Triangulations of Cosmological Polytopes

Arkani-Hamed, Benincasa and Postnikov defined a cosmological polytope associated to a Feynman diagram in their study of the wavefunctions associated to certain cosmological models. By computing the canonical form of this polytope, one computes the contribution of the Feynman diagram to the wavefunction of interest. The theory of positive geometries tells us that one way to compute this canonical form is as a sum of the canonical forms of the facets of a subdivision of the polytope. For simple examples of Feynman diagrams, it is known that specific triangulations correspond to classical physical theories for these computations, but a general theory of triangulations of cosmological polytopes was left as future work. In this talk, we will discuss an algebraic approach to this theory based on Gröbner bases.
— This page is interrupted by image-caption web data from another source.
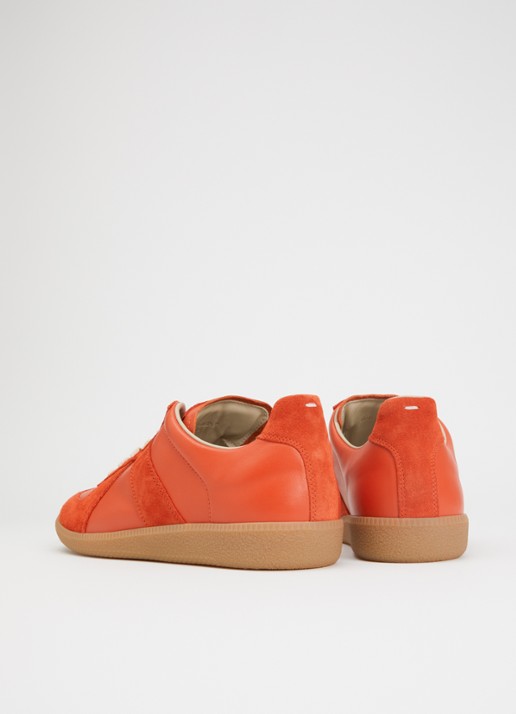 Maison Margiela Replica sneaker van kalfsleer met details van kalfssuède - achterkant oranjerood
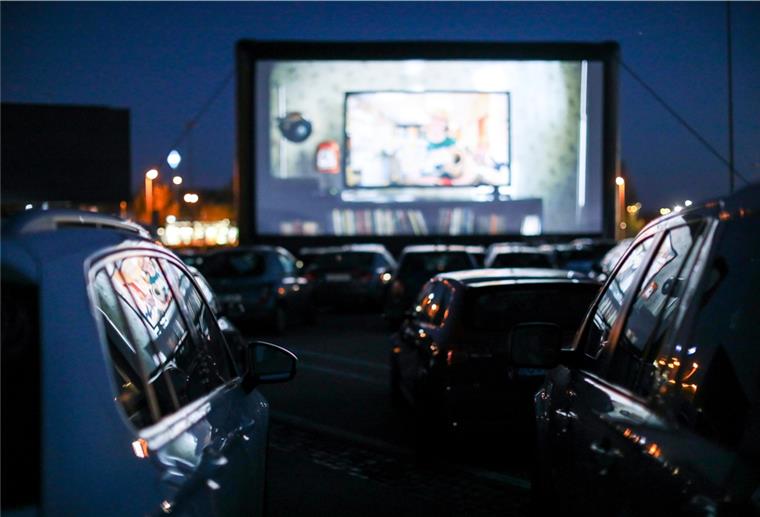 Autokino in Nordenham abgesagt Während Brake Pfingsten zum Autokino an den Binnenhafen einlädt, sind die Pläne für Nordenham gescheitert.
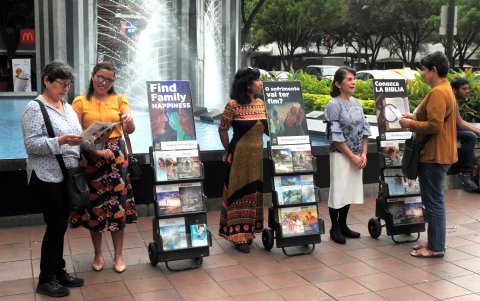 Guayaquil.- Mostradores portátiles de los Testigos de Jehová, donde se puede solicitar información y literatura basada en la Biblia.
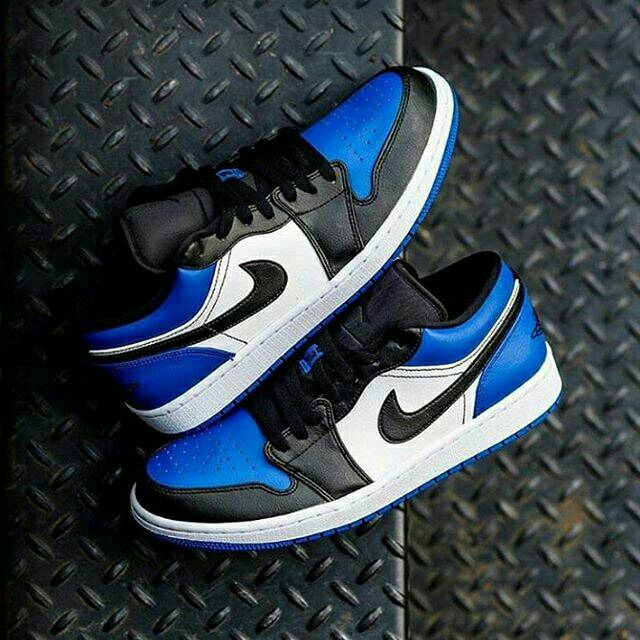 nike air jordan 1 low royal toe
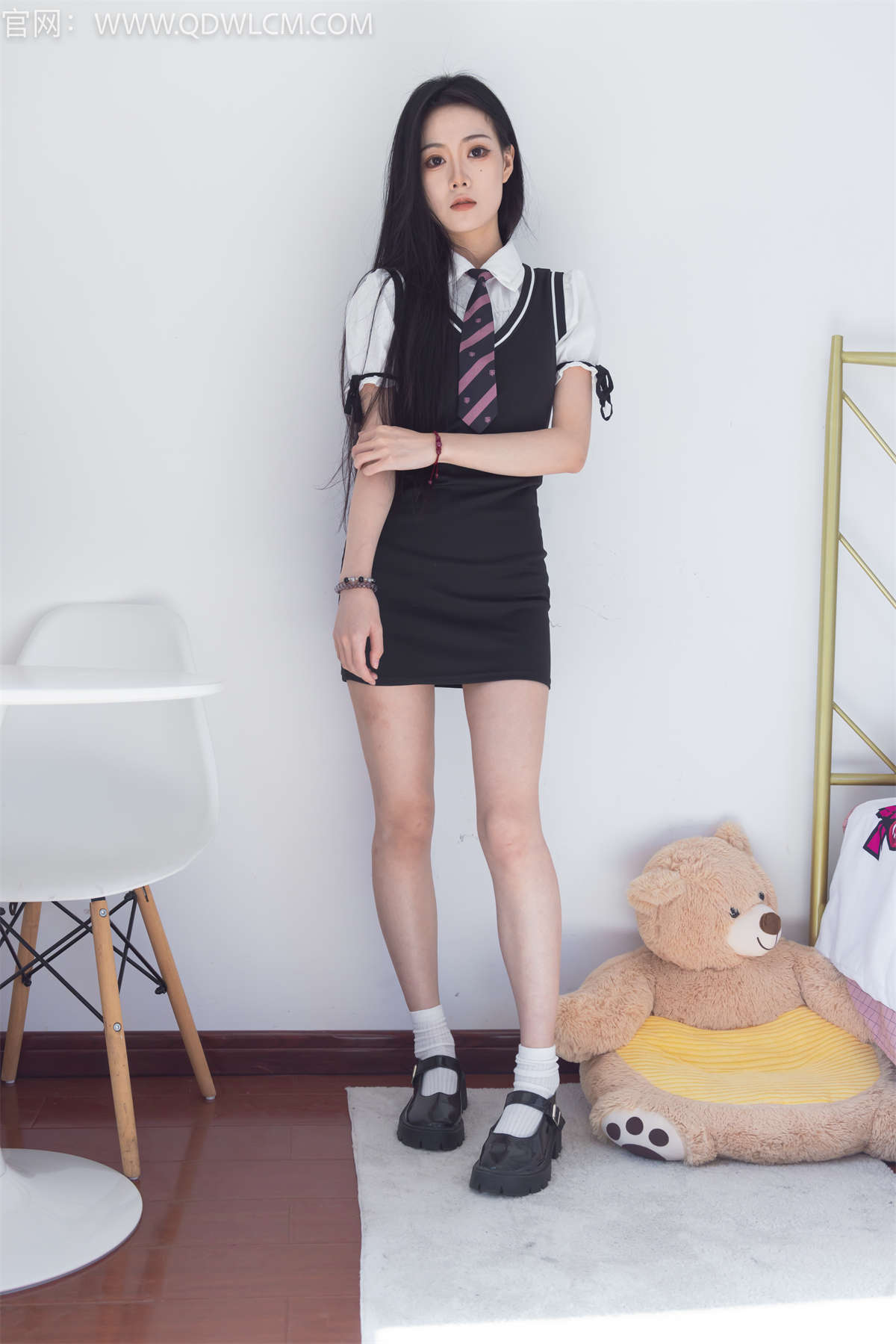 物恋传媒 NO.1316 康康-睫毛弯弯-日更街拍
We will see that every cosmological polytope admits families of regular unimodular triangulations whose facets can be understood graph theoretically. We characterize the facets of these triangulations for certain families of Feynman diagrams, including trees and cycles. In addition to providing possible new physical theories for the computations of the associated wavefunctions, these results also allow us to recover combinatorial information about these polytopes, such as normalized volumes, extending some recent results of Kühne and Monin.

This talk is based on joint work with Martina Juhnke-Kubitzke and Lorenzo Venturello.